CK42X PassVault for Flipper Zero

May 30, 2026 ยท View on GitHub

A CK42X-branded external Flipper Zero app (.fap) that stores, generates, and types passwords from the Flipper after explicit confirmation.

Website: https://ck42x.com

Flow

  1. First launch: set a master PIN. Existing legacy vault.tsv data is migrated into encrypted storage after setup.
  2. Later launches: unlock with the master PIN.
  3. + Add New Password
  4. Enter account name
  5. Enter username
  6. Choose Generate Password or Enter Custom
  7. For generated passwords, choose a preset:
    • Memorable 16+ mix
    • Strict 16+ A/a/0/!
    • Long 20+ passphrase
    • No special char
  8. Save entry
  9. Select saved account to view username/password
  10. Press Inject, confirm, and the app HID-types the password only

macOS keyboard setup popup

PassVault uses Flipper's standard HID keyboard typing path.
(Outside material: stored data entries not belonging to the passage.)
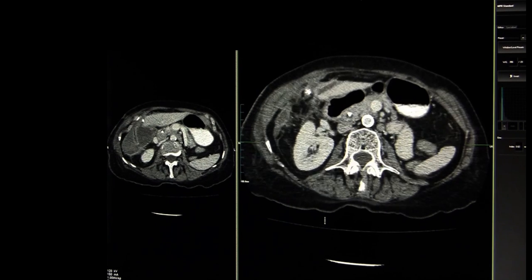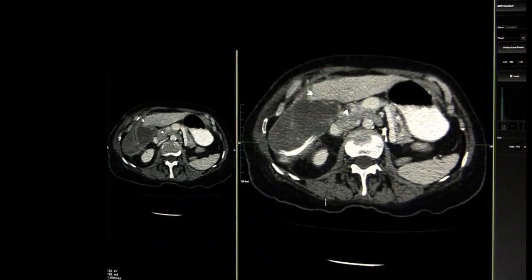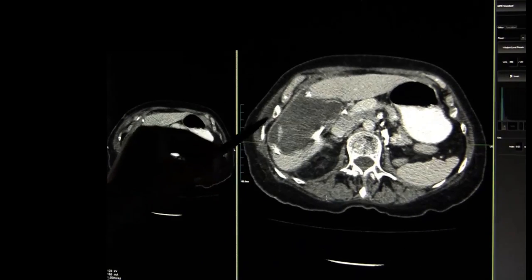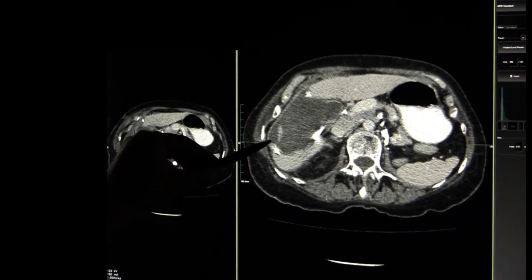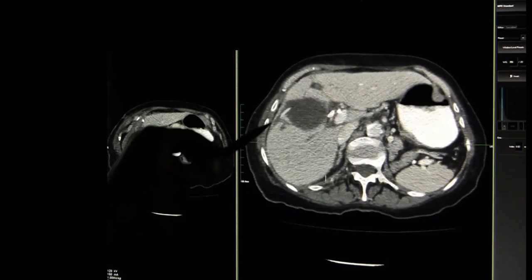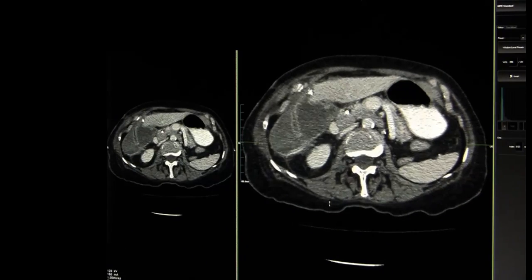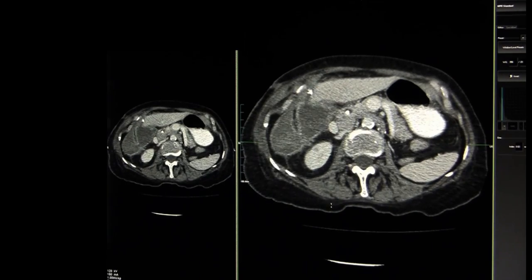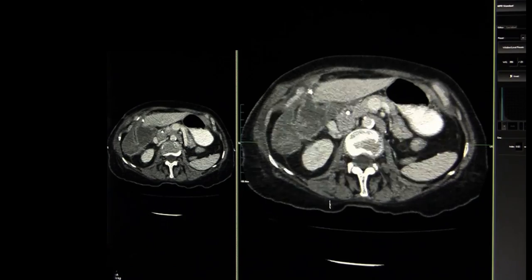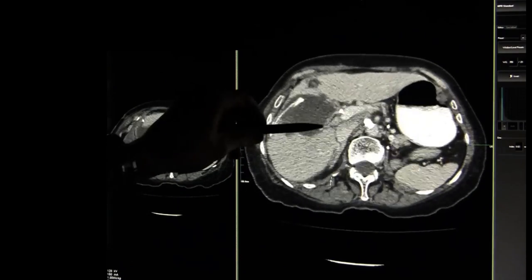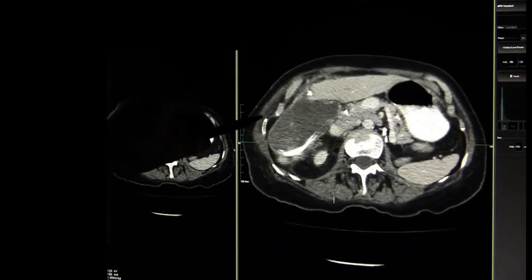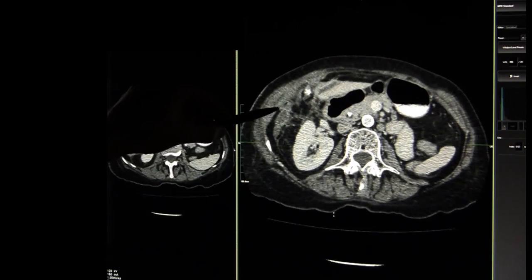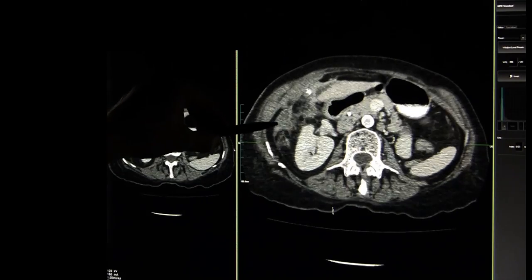What we're doing today is just a very straightforward CT-guided drainage. As you can see, there's a big collection here in the right upper quadrant. This is a complication post partial cholecystectomy for a necrotic gallbladder. There is a surgical drain but it doesn't seem to be working, so the surgeons have asked the patient to be sent down to us for a percutaneous drain.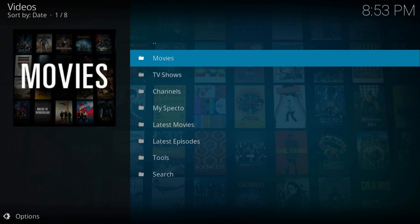It has movies, TV shows, channels, and tools, just the content that you need to have on a TV. That's all about SPECTO, thanks for watching, bye.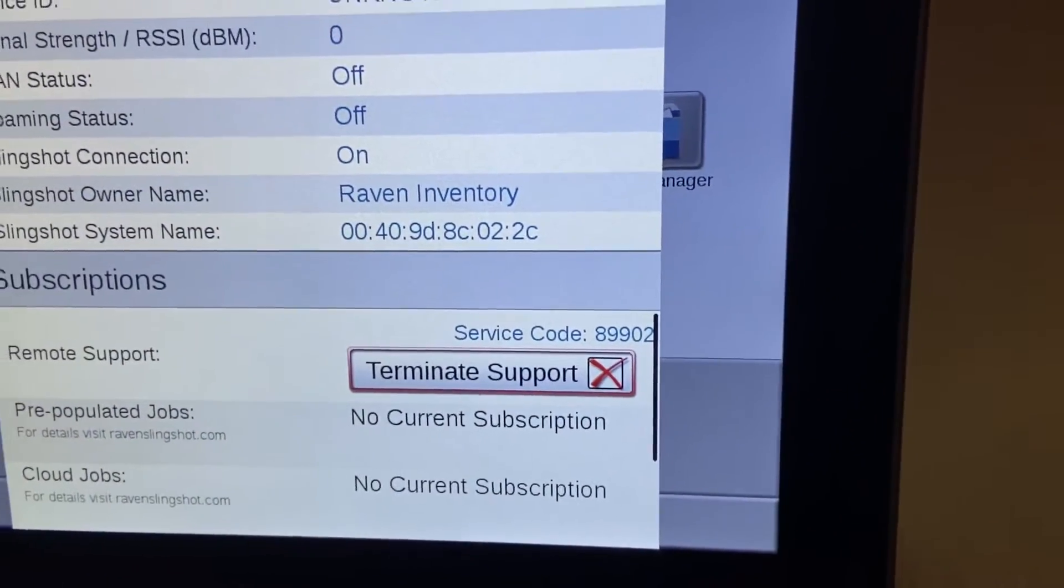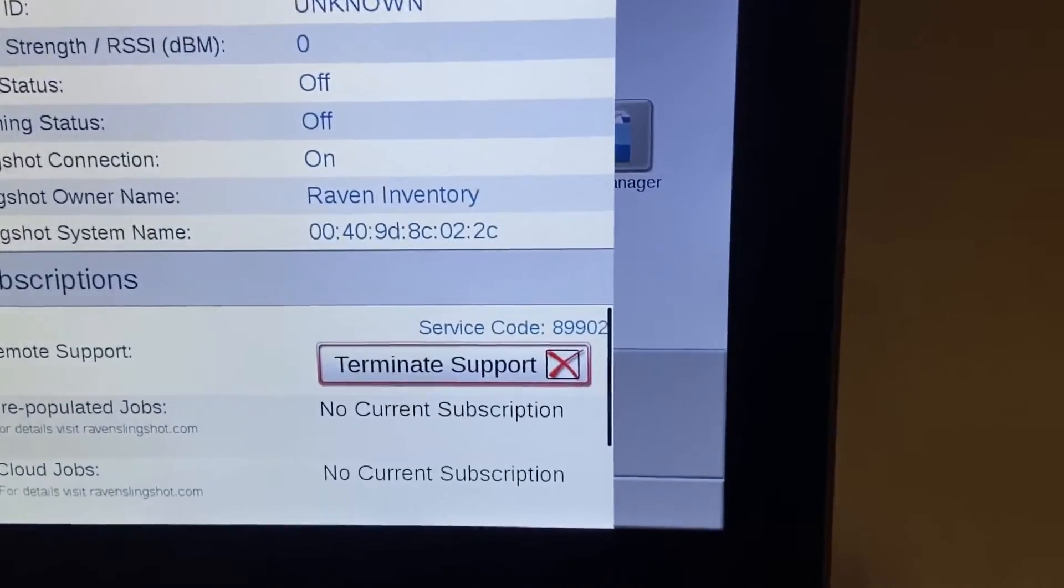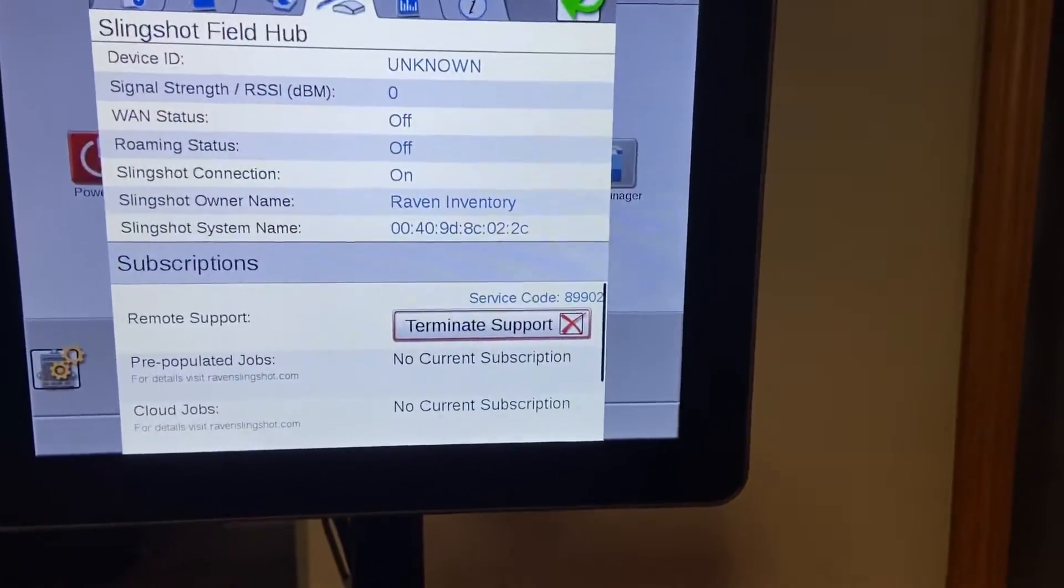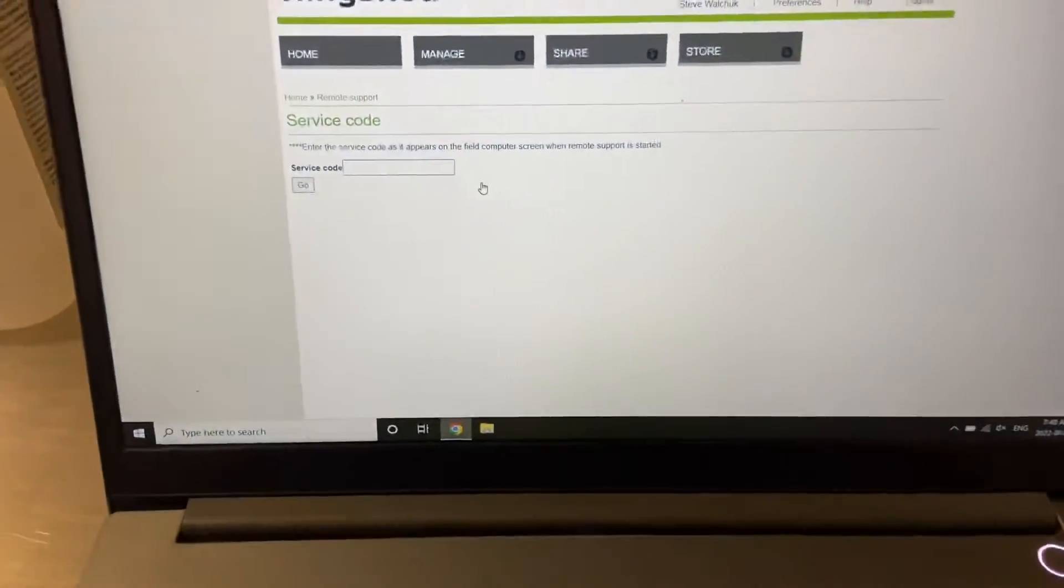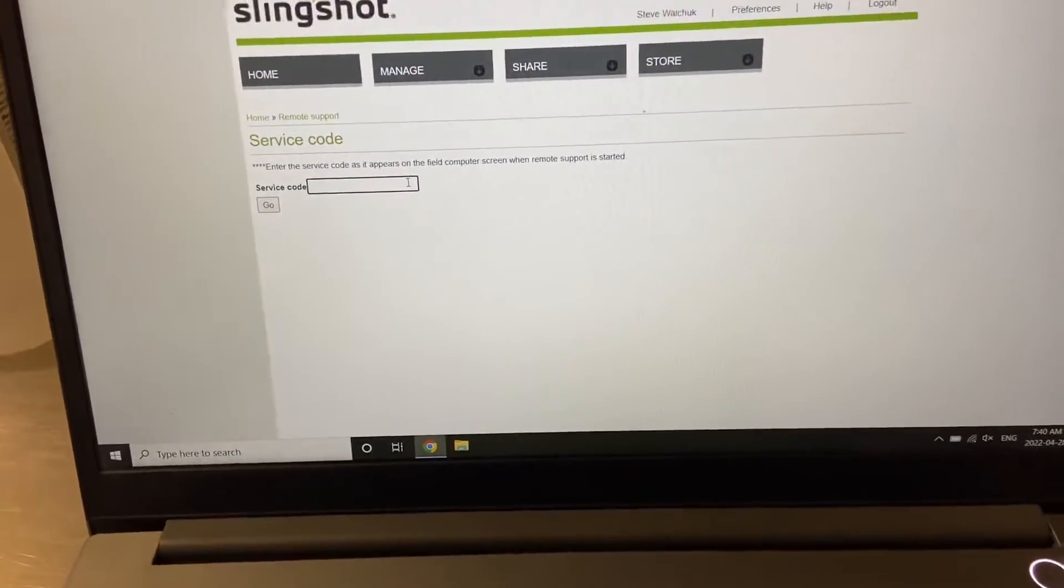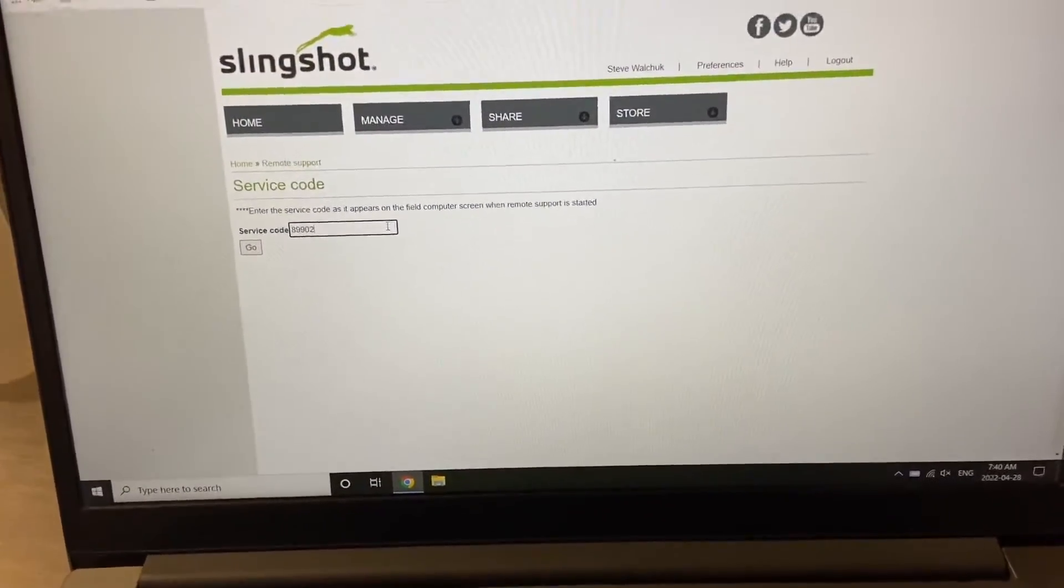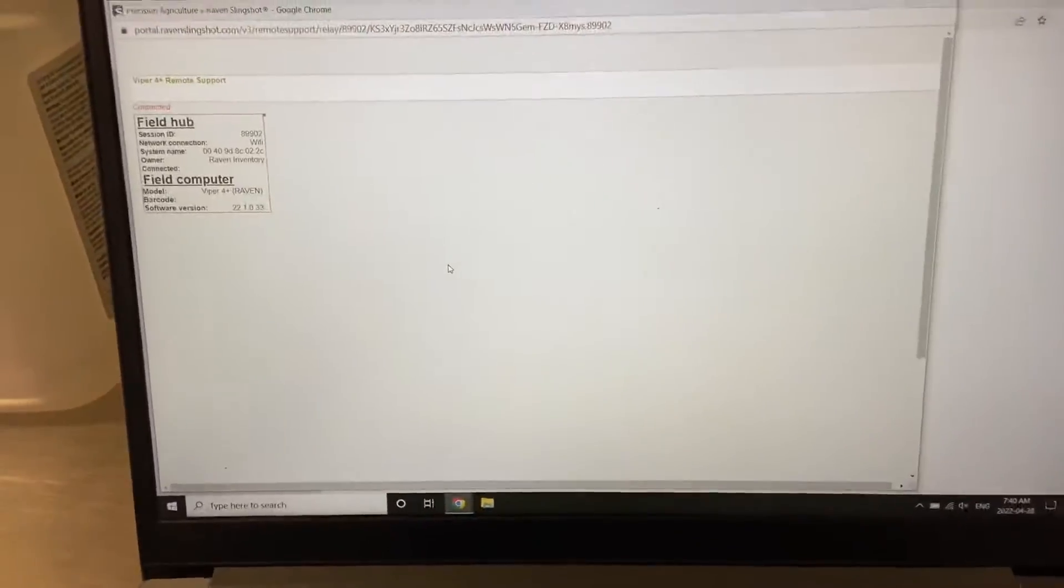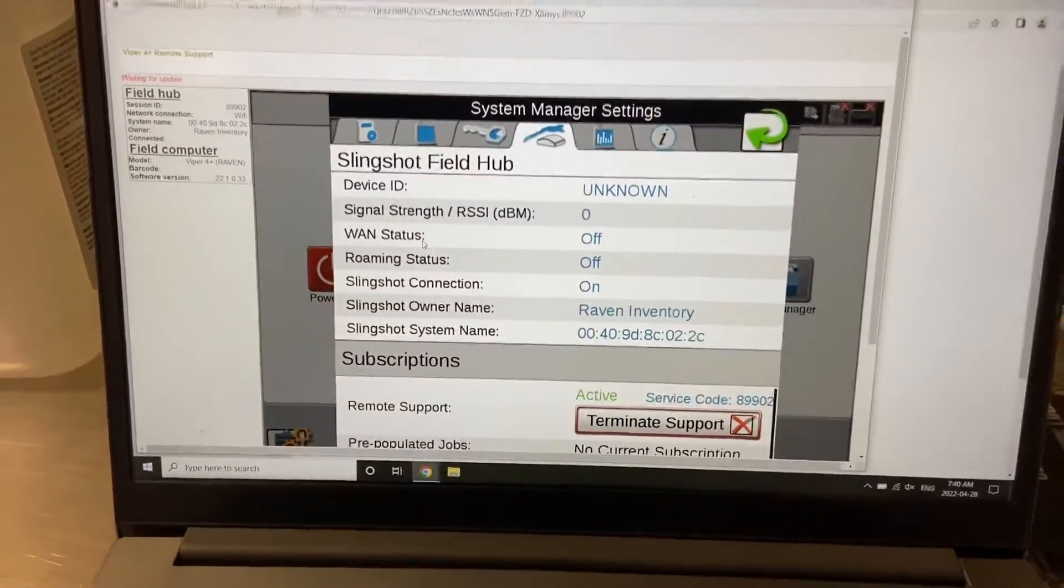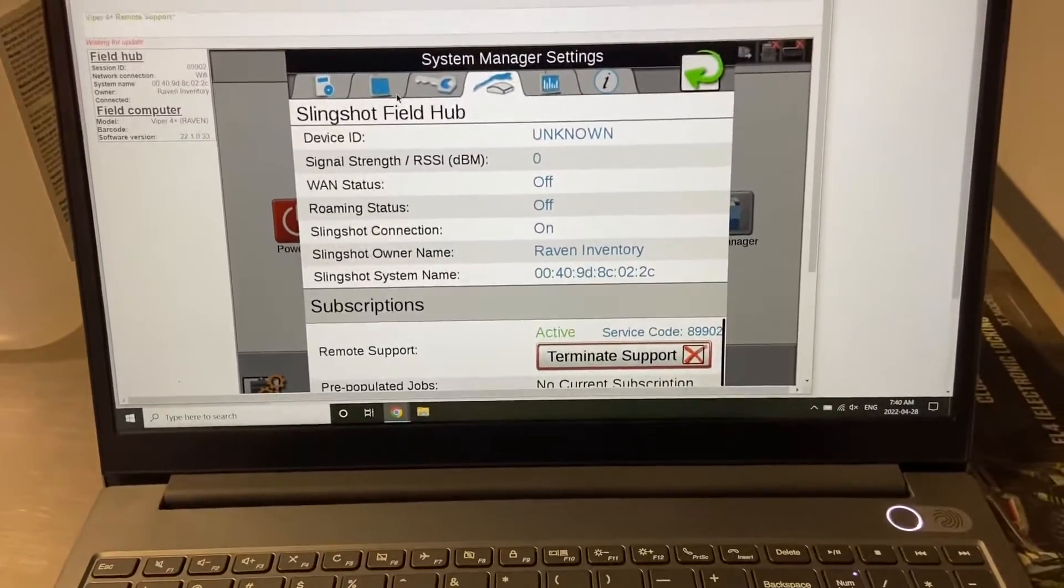And we're going to input that into our computer. So this is the number, this is what the screen is gonna look like on my end here. I'm gonna put in that service code when you call me. It's gonna launch a remote support session. I'm gonna make this full screen so it's a little bit easier to see.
On a fresh macOS target, Keyboard Setup Assistant may appear the first time the Flipper presents as a keyboard. If that happens, cancel or complete the setup dialog once, refocus the password field, and inject again.

Branding

The app icon is a Flipper-compatible 10x10 monochrome simplification of the CK42X crowned bee mark from ck42x.com. The full source logo reference is preserved in ck42x_website_bee_crown.png for provenance.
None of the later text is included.